#### Work to complete:
Everything from the line that holds "Czy warto zdecydować" through the end of the listing below must be retyped word for word, without any pictures.

------------------------------------------------------------------------

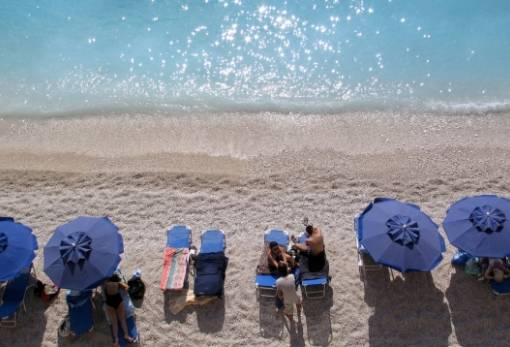 Γαλάζιες Σημαίες 2015: 12 οι «γαλάζιες» ακτές στη Λακωνία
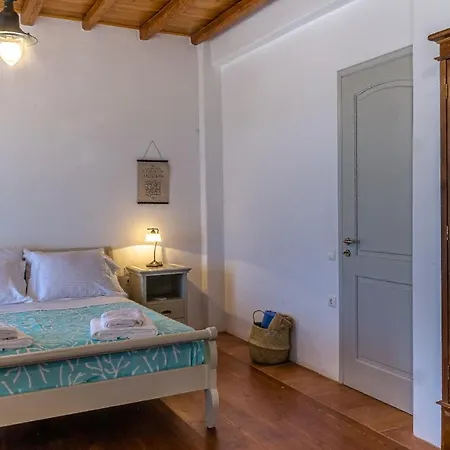 Calmea Seafront - Secluded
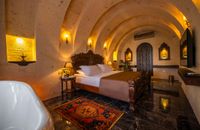 Junior Cave Suite Double with Bathtub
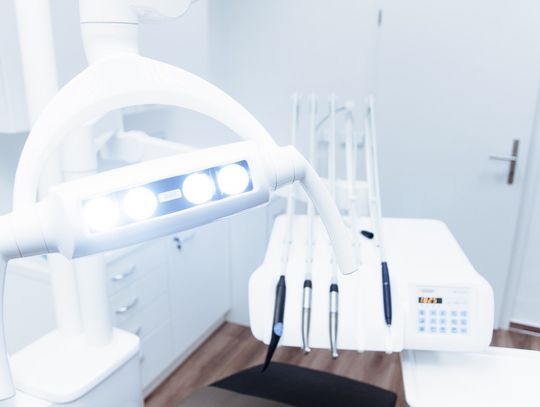 Czy warto zdecydować się na wybielanie zębów u dentysty? 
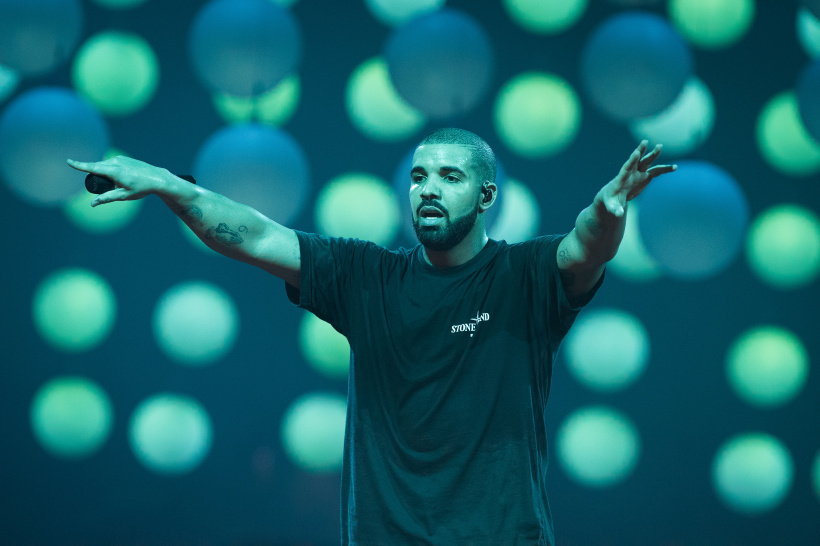 Drake-Performs-At-lAccorHotels-Arena.jpg Drake-Performs-At-lAccorHotels-Arena.jpg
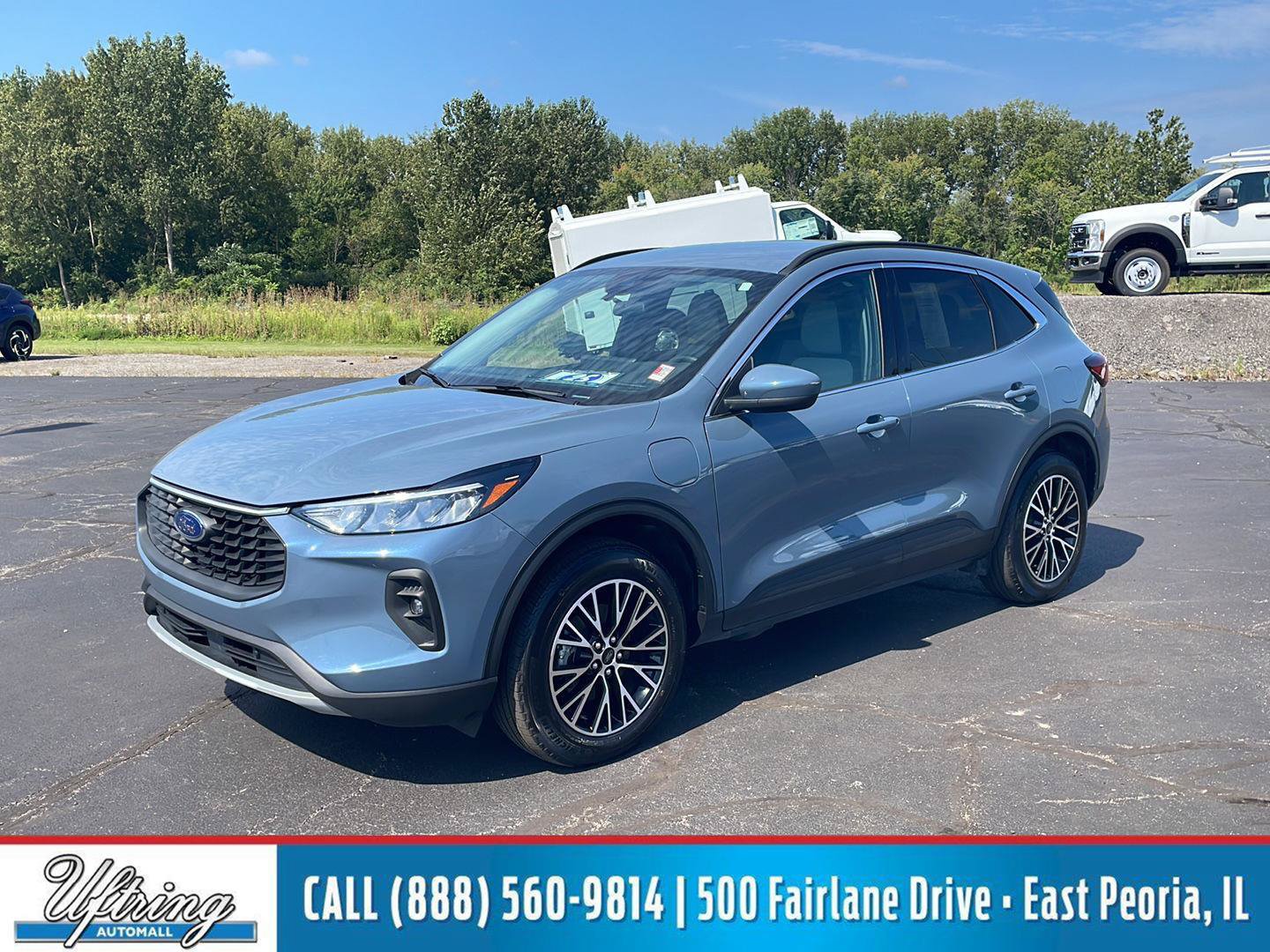Used 2025 Ford Escape SE FWD image 1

------------------------------------------------------------------------

#### Task response:
 Czy warto zdecydować się na wybielanie zębów u dentysty? 
 Drake-Performs-At-lAccorHotels-Arena.jpg Drake-Performs-At-lAccorHotels-Arena.jpg
Used 2025 Ford Escape SE FWD image 1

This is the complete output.